When I explain who Mandy Aftel is to people outside the perfume world I often call her the Alice Waters of natural perfume. Both women are pioneers — influential innovators in their respective fields. Just as Waters combined her passion for local, organically grown food with fine cuisine, Aftel combined her love of botanical essences with a sophisticated understanding of perfumery. And they're neighbors: Aftel lives and works a block from Waters’ famous restaurant Chez Panisse in Berkeley, California.
But it wasn’t until my recent conversation with Aftel about her food work that I realized just how deeply involved she was in the culinary world. She has lectured vintners at Coppola Winery and sommeliers at Thomas Keller’s renowned restaurant, The French Laundry. She has taught alongside White House pastry chef Billy Yosses, and worked with a long list of celebrity chefs including Dan Barber, Wylie Dufresne and David Chang. Food scientist Harold McGee has become a friend. McGee’s newest book is on flavor, and he stopped by Aftel’s studio not long ago to sniff a few things and talk about the importance of aroma in food.
“It’s a deep question,” she said, when I asked her about the connections between her perfumery and her food work. “I do go back and forth from food to perfume and perfume to food, but I see them as very, very similar in my mind and I always did.”
“I was eating and cooking before I was a perfumer,” she continued. “I think the interest for me in both is in the integrity of ingredients, the perfection of an ingredient, whether it’s an oil, or a tomato… The excitement, on the perfume side, of what one ingredient, one essence, can do with another is kind of the bedrock of how I create perfume. It’s one of the biggest things to me — this perfect drop of something and what it can do with another perfect drop of something. I’m really in love with that aspect of making perfume, and I think that’s gone on in food for me as well.”
It was Aftel’s tour for her book on scent and natural perfumery, Essence and Alchemy, that got her thinking about working with chefs. “I was very aware that people had no knowledge of the differences between naturals and synthetics in those days. They didn’t think about the quality of ingredients…I thought, "Where are people interested in ingredients? Of course: food."
A friend — who also happened to be Alice Waters’ press agent — put her in touch with the innovative young chef Daniel Patterson. Aftel went to see him, carrying her portable perfumer’s organ full of “these little tiny bottles of essences.”
“I showed Daniel black pepper [essential oil] on our very first meeting. It was kind of the ‘aha’ moment for him. I remember seeing it happen. He smelled it and he said, ‘There are possibilities here.’”

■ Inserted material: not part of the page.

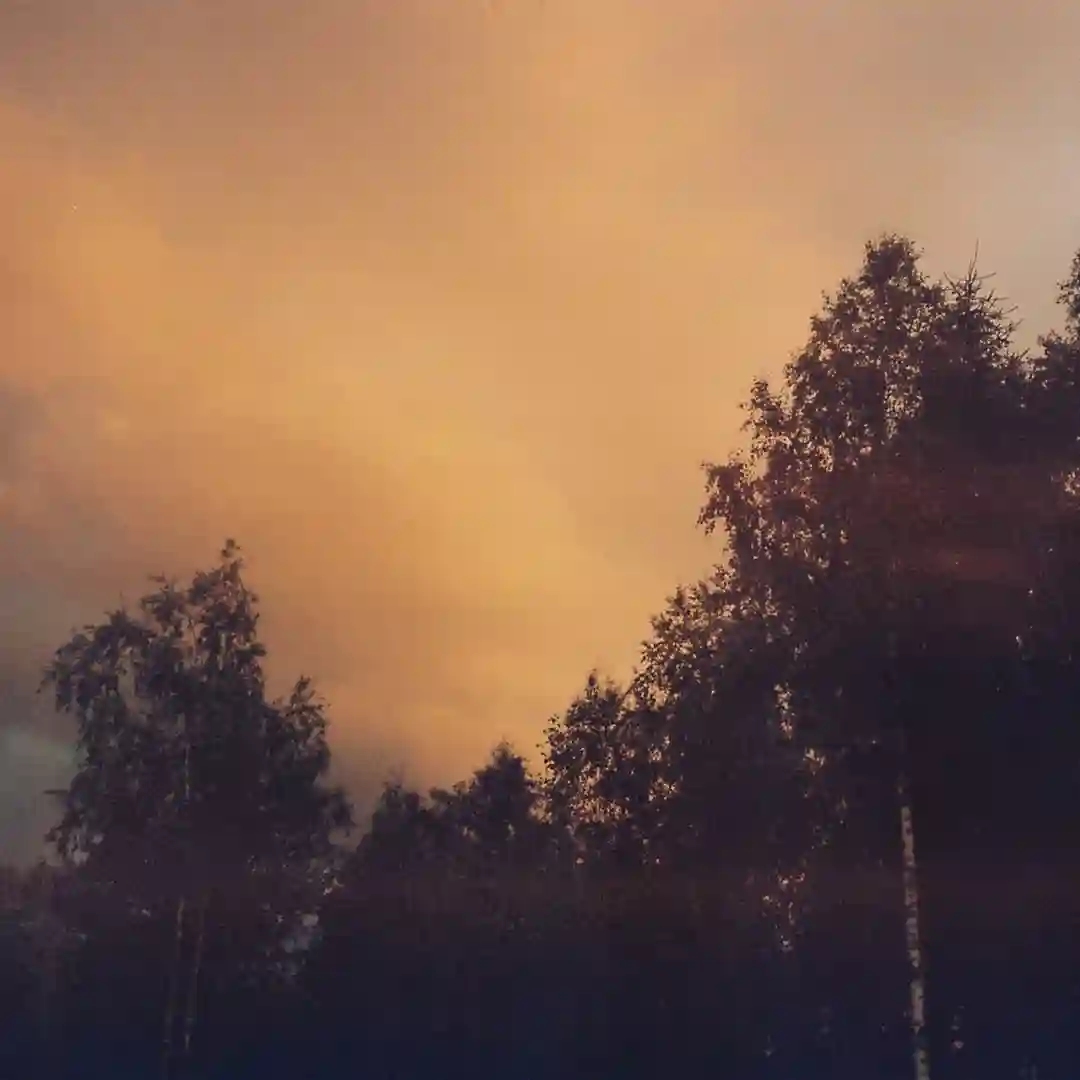 Hägn Vid Tidens Ände cover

Patterson and Aftel began collaborating on the kind of scent dinners that set the pattern for Aftel’s work with other chefs. For an early dinner with Patterson, Aftel created a mint hydrosol that she sprayed on the plate beneath a bowl full of tomato salad. The scent gave diners the illusion that mint was in the dish. Later, she created perfumed fans and solid perfumes that echoed and intensified the components of the dishes served, and passed around bowls of frankincense so the guests could “wash” their hands in its scent. Aftel and Patterson eventually wrote a cookbook together, Aroma: The Magic of Essential Oils in Food and Fragrance, in which Pattterson wrote about the “entirely different flavor and aroma — at once spicy, earthy and floral” of the black pepper essential oil made from ground pepper.
Aftel and Patterson began working together in 2001. Aroma was published in 2004. But the use of scent in food seems to be popping up a lot lately. A recent New Yorker article described elBulli pastry chef Jordi Roca looking for inspiration on the shelves at Sephora. Earlier this week, NPR's Fresh Air re-ran a March interview with chef Grant Achatz in which he describes his use of scented smoke to create the illusion of flavor — a trick he developed after a similar experience at The French Laundry.
I found myself wondering if Aftel and Patterson were not merely ahead of the current trend, but helped to create it — especially after I opened the brand new, much-praised ice cream cookbook from Jeni Bauer to find Aftel’s food oils listed as ingredients in every third recipe.
When I asked her about it, Aftel said only that Patterson, who is a writer as well as a cook, goes to “a lot of very interesting food events,” and that her line of food oils was created in response to the number of calls she got after the publication of Aroma from chefs looking for advice on where to find high quality essences. Her food oil business has increased steadily since then. Williams-Sonoma recently approached her to create a line for home cooks that will launch later this year.
“Once you do this, once you have this experience, it’s very hard to turn back,” Aftel said, pointing to the intensity of the flavors the oils offer, and their endless potential to create new flavors. “I feel like I’m an interesting central bridge between engineering flavor, the way the molecular gastronomy people are doing, and the old school all-natural California cuisine.”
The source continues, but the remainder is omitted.